YOUR OBJECTIVE: Repeat only the lines below from the one containing "Wholecloth Quilts in" through the one containing "Garden sofa with", inclusive, exactly as written.

EXERCISE DATA:
################

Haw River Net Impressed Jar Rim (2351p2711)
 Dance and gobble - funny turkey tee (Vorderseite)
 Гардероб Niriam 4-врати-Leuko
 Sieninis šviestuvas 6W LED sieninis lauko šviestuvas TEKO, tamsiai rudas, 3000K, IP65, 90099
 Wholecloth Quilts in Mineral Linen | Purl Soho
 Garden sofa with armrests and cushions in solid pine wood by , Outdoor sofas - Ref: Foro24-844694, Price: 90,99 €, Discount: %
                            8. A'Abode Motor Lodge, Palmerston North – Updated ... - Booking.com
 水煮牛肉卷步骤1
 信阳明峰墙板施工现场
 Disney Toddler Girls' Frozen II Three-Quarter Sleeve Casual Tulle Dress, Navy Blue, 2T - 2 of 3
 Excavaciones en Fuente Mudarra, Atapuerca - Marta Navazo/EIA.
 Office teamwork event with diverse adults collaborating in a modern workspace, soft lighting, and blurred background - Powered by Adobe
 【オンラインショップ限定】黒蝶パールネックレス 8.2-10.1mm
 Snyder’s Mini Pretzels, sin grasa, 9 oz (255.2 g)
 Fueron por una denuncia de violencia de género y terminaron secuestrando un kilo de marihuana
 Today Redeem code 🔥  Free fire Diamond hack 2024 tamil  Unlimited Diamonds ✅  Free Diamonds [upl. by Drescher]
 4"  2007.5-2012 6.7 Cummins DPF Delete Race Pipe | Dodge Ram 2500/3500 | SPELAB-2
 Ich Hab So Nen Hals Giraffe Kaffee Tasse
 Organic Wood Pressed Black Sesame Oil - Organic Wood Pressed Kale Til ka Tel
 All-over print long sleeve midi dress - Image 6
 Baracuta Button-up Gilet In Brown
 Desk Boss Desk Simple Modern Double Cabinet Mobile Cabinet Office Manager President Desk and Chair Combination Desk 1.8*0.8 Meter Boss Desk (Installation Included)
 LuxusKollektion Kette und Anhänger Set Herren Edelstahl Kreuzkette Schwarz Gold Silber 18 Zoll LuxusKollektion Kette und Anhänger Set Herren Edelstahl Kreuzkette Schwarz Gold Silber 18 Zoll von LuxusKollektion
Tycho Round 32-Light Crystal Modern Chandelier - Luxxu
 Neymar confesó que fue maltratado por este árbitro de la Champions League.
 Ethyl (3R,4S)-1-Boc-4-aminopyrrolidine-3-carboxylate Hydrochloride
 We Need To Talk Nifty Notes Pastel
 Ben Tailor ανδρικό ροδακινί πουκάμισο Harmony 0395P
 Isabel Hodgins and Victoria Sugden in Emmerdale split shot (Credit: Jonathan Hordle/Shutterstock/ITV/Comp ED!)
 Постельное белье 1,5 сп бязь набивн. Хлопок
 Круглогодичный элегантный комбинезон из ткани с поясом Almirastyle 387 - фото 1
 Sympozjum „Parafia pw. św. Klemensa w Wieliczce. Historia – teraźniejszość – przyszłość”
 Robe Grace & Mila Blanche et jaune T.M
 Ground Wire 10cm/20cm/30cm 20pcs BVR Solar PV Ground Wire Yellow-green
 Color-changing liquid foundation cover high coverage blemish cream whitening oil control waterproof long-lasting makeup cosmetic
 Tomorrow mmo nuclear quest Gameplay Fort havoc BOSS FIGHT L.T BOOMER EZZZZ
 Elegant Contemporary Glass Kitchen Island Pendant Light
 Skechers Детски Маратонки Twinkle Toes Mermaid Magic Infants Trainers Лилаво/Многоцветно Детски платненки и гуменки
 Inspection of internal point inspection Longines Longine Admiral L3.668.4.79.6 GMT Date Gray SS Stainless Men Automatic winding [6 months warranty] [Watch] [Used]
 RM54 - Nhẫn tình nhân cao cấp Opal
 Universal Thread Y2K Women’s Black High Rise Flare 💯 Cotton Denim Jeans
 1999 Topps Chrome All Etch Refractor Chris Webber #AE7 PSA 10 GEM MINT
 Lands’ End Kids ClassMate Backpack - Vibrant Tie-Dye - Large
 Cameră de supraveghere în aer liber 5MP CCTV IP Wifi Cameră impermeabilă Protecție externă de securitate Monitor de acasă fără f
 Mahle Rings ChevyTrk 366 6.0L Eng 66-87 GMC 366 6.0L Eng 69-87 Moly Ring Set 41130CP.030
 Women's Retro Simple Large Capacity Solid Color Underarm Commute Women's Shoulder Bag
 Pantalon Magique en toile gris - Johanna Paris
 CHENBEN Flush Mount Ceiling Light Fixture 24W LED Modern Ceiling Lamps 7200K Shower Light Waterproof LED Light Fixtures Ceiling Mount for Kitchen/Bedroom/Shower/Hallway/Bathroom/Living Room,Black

################

YOUR RESPONSE:
 Wholecloth Quilts in Mineral Linen | Purl Soho
 Garden sofa with armrests and cushions in solid pine wood by , Outdoor sofas - Ref: Foro24-844694, Price: 90,99 €, Discount: %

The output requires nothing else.